I felt exhausted every time I cleaned up my Gmail inbox.
I kept asking myself: why do I need to "clean up" anything?
Why is it so hard to get emails out of an inbox?
Why so much noise?
Why so many decisions to organize my inbox?
After asking myself these questions many times... it finally annoyed me enough to get to work on a solution.
But I soon realized, we've already solved this problem, but only for a few people!
Presidents don't sit around reading all their emails.
CEOs don't spend hours "cleaning up" their inboxes.
Leaders don't waste their attention digging noise, to find signal in their communications.
NO!
Their secretaries do!
But only a few people could afford secretaries to read all their emails, clean up their inboxes, and brief them on action items and highlights from their communications.
Until now!
I built mailover.ai to make this luxury available to more people.
The luxury of having the option to save your attention for better things.
The luxury of not feeling decision fatigue after cleaning up an inbox.
The luxury of not worrying that you are missing an important email in the pile of noise that is inbox.
Not anymore.
Don't read emails.
Don't clean up inboxes.
Instead, delegate to an AI secretary.
It's time for every inbox to have a secretary. We have the technology.
Inbox is obsolete. The real war is against noise in our communications. I'm on a mission to win this war.
Join me on this inboxless movement. We deserve better than this.
Attention is the scarcest resource in modern life. Scarcer than time. Scarcer than money. It's what we spend when we read, decide, create, and connect. And it's the one resource the modern world is engineered to take from us, in larger and larger amounts, every year.
Email is where the theft is most visible. The average professional now spends 28% of their workweek on email, and 88% of what lands in their inbox is noise. This is bigger than a productivity problem. It's civilizational. Multiply it across a billion knowledge workers and you're looking at one of the largest hidden taxes ever imposed on human cognition.

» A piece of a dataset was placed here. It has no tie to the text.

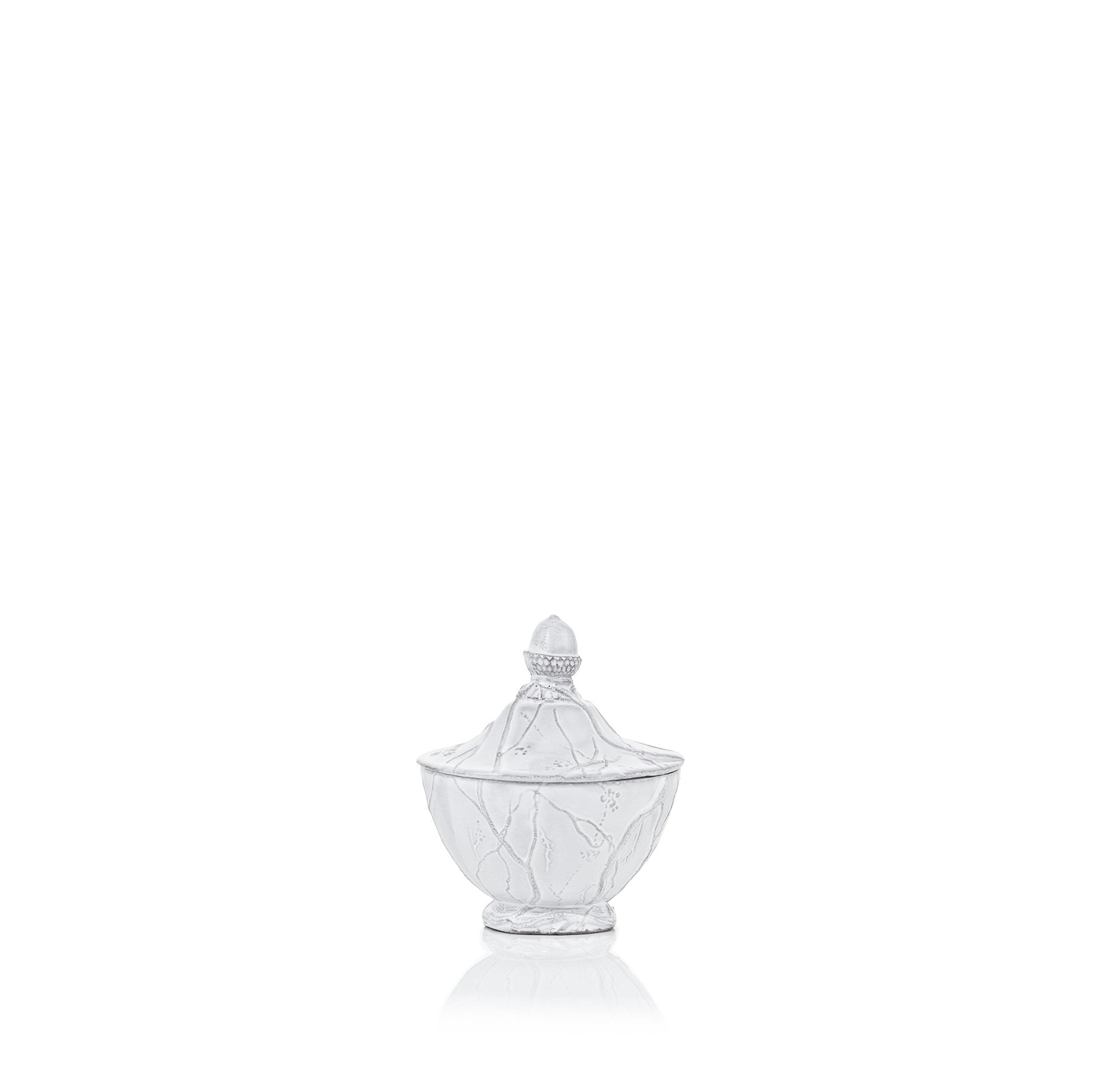 Eva Climbing Branches Sugar Bowl by Astier de Villatte, 10 x 10 x 12cm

This is the war we're fighting: a war against noise, to protect humanity's attention.
MailOver is built to absorb the noise so you don't have to. The AI reads the channel. You read what it meant. The signal surfaces to you: action items, deadlines, decisions. The 88% disappears into a layer you never have to touch.
We're starting with email because email is where the problem is loudest, most measurable, and most ready to be solved. But email is the wedge, not the destination. The same noise is in Slack, in notifications, in group chats, in calendar overload, in every channel where bits arrive perfectly and meaning still gets lost. Wherever attention is under siege, we'll be there.
Almost every communication tool ever built was designed for the sender. More reach, more sends, more notifications, more "engagement." The receiver, the human actually being communicated with, has been an afterthought for fifty years.
We think that's backwards. We're building for the other side of the channel.
A world where communication respects your attention is a world where you never miss what matters and never waste a minute on what doesn't. Where your inbox is no longer a chore but a shortlist of what matters. Where the machine does the reading so you can do the thinking. Where the asymmetry between senders and receivers is finally repaired.
That's the world we're building.
Email is the first front. Victory is reclaimed attention.
In 1948, a Bell Labs engineer named Claude Shannon published a paper that quietly became the foundation of the modern world. He proved you could recover a clean signal from a noisy channel. That with the right decoder, the static didn't matter. Bits could travel through chaos and arrive intact.
Every wire, every wifi network, every satellite link runs on Shannon's idea. It's why your email reaches you at all.
But Shannon made one deliberate choice that's worth understanding. He set meaning aside. He said the semantic content of a message was irrelevant to the engineering problem. In 1948, that was the right call. The bottleneck was the wire, and solving the wire would unlock everything downstream.
Eighty years later, the wire is solved. Bits arrive flawlessly. And yet, somehow, communication is harder than ever.
Because the bottleneck moved.
The new noisy channel is the human inbox. SMTP delivers messages with near-perfect fidelity, and then 200 of them land in front of you. The one that actually matters (the permission slip, the deadline, the client question, the decision waiting on you) disappears under 88% noise. The bits are pristine. The meaning is buried.
This is the problem MailOver is built to solve. Not at the wire. One layer up.
The inbox is the channel. Action items are the signal. Newsletters, marketing, automated mail: that's the noise. Our AI is the decoder. Your attention is the bandwidth you have left in the day. The daily briefing is the decoded output.
You don't read the channel anymore. You read what it meant.
Shannon taught machines to separate signal from noise on the wire. MailOver does it for your attention. That's the bet. That's why we built it.